#### SUPPLIED DATA

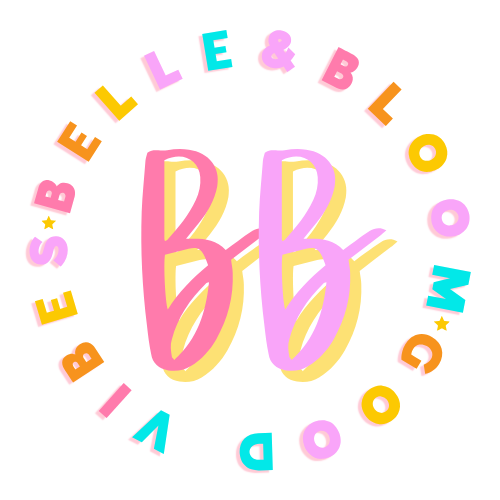 Belle & Bloom Co.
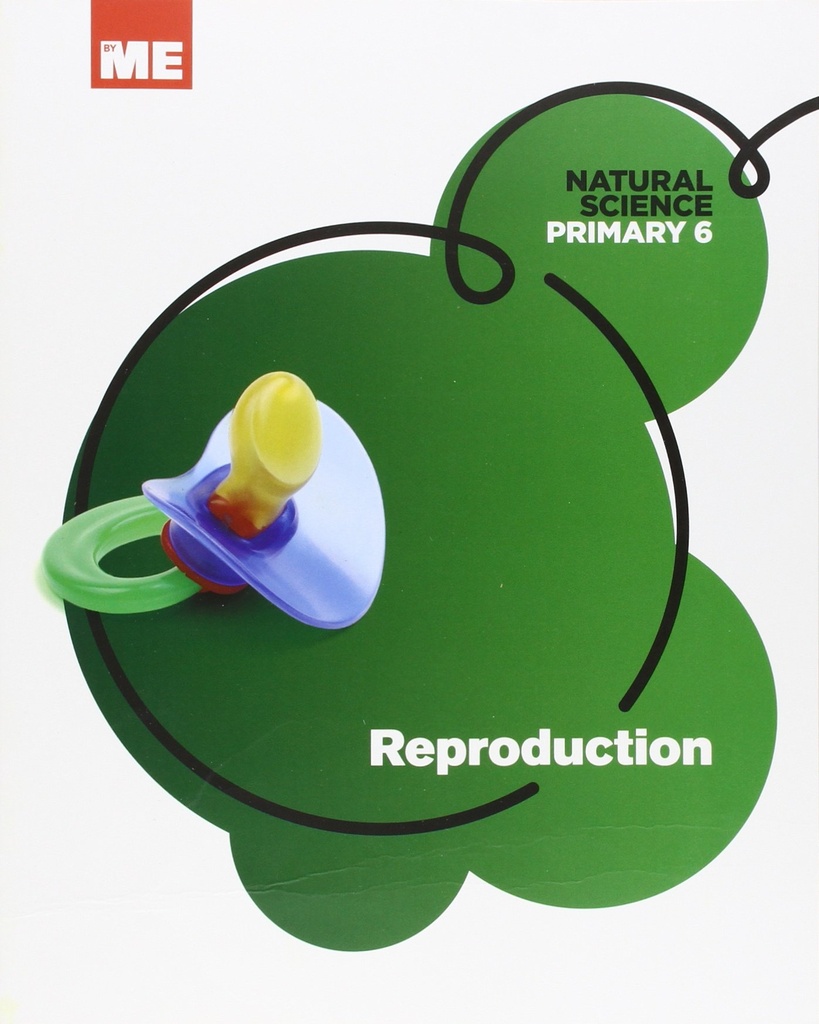 Natural Science Modular 6 Reproduction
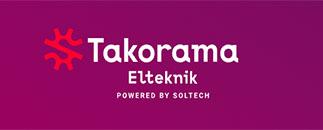 Takorama Elteknik AB
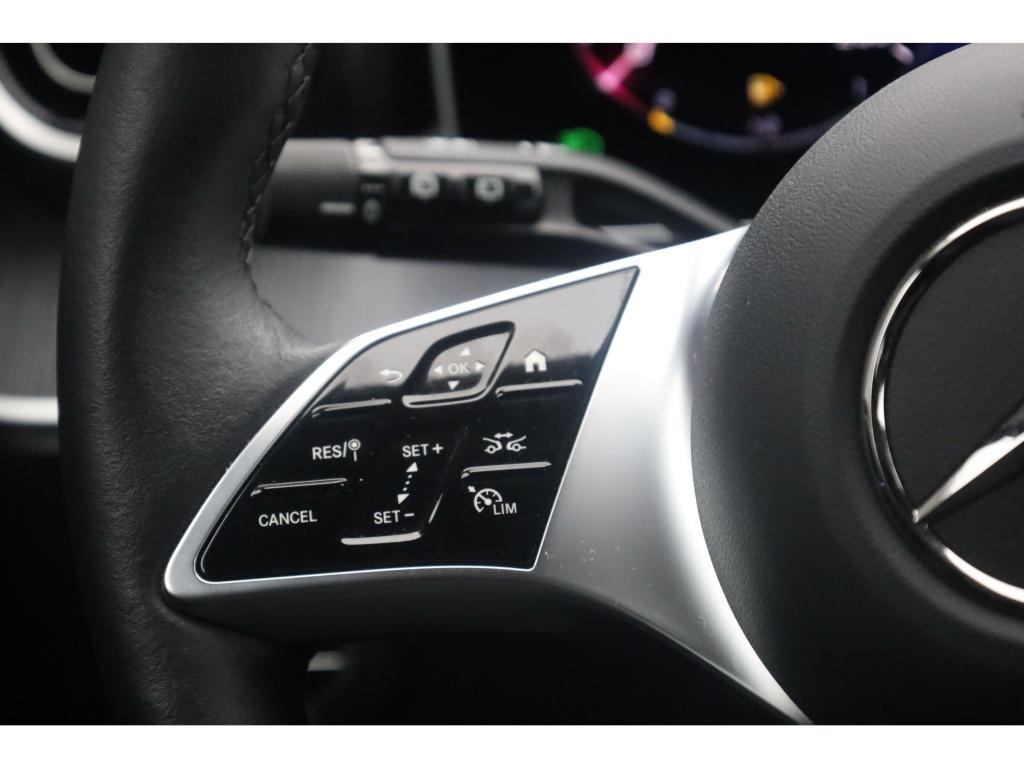 Mercedes-Benz C 180 Estate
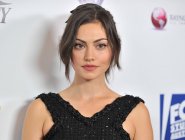 Фиби Тонкин на 4th Annual Australians In Film Awards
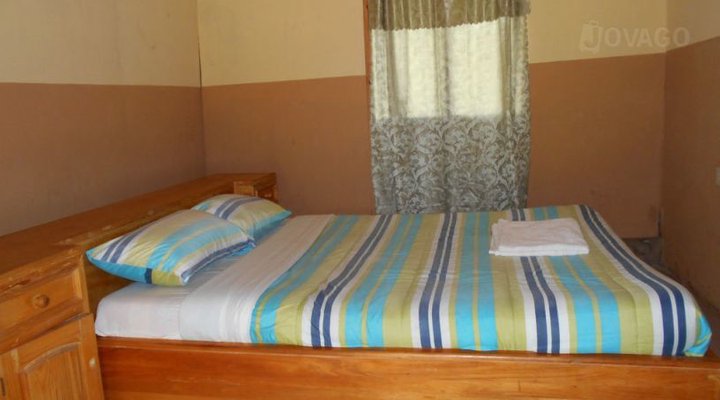 La Exotica Lodge Chintheche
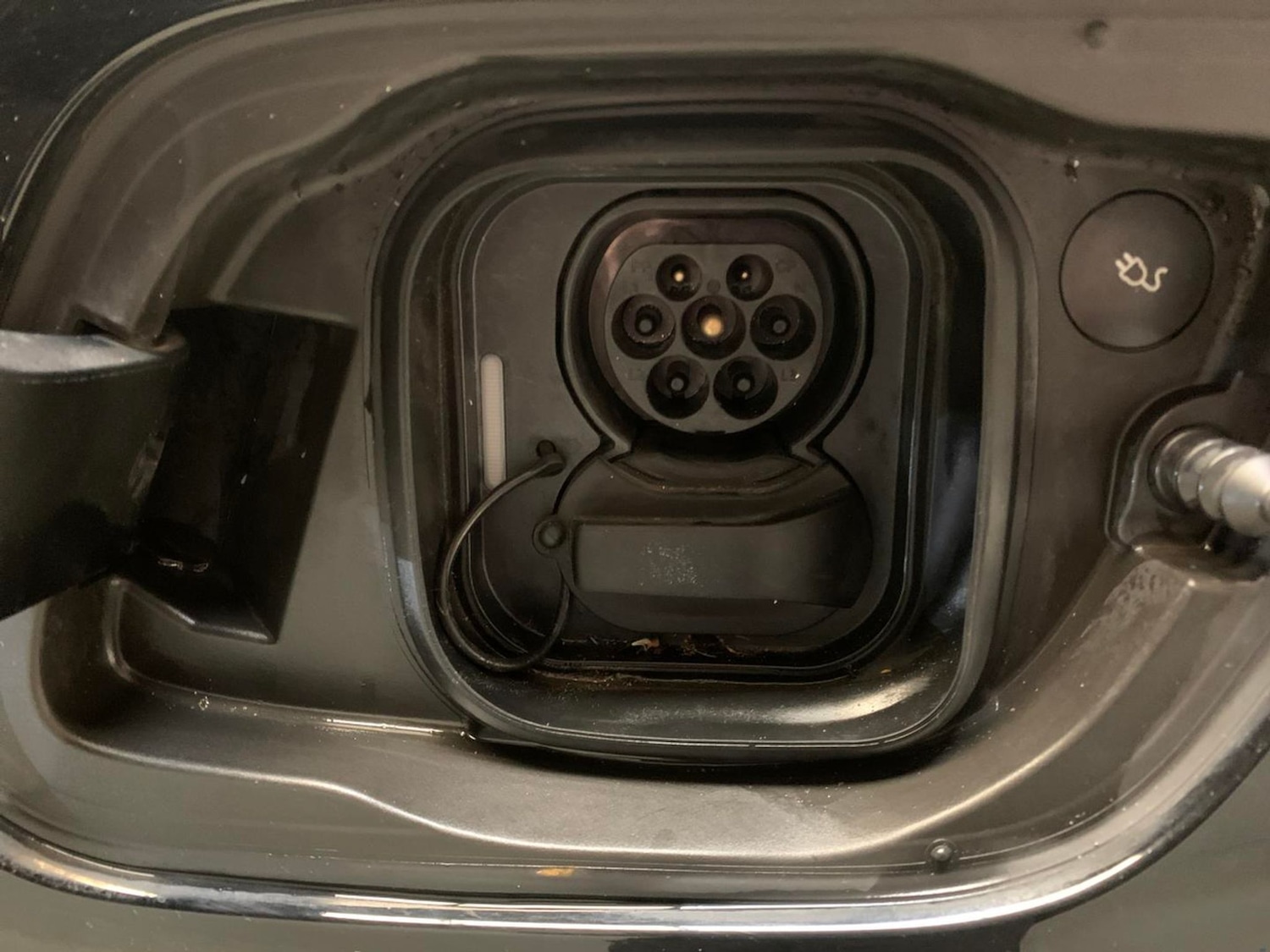 Used Volvo C40 2022 for sale - 77178623: Photo 28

########

_EXERCISE DESCRIPTION_. All that belongs in the answer is the lines from the line with "Natural Science Modular 6 Reproduction" through the closing line of the entries, inclusive, transcribed exactly and free of pictures.

_TASK RESULT_.
 Natural Science Modular 6 Reproduction
 Takorama Elteknik AB
 Mercedes-Benz C 180 Estate
 Фиби Тонкин на 4th Annual Australians In Film Awards
 La Exotica Lodge Chintheche
 Used Volvo C40 2022 for sale - 77178623: Photo 28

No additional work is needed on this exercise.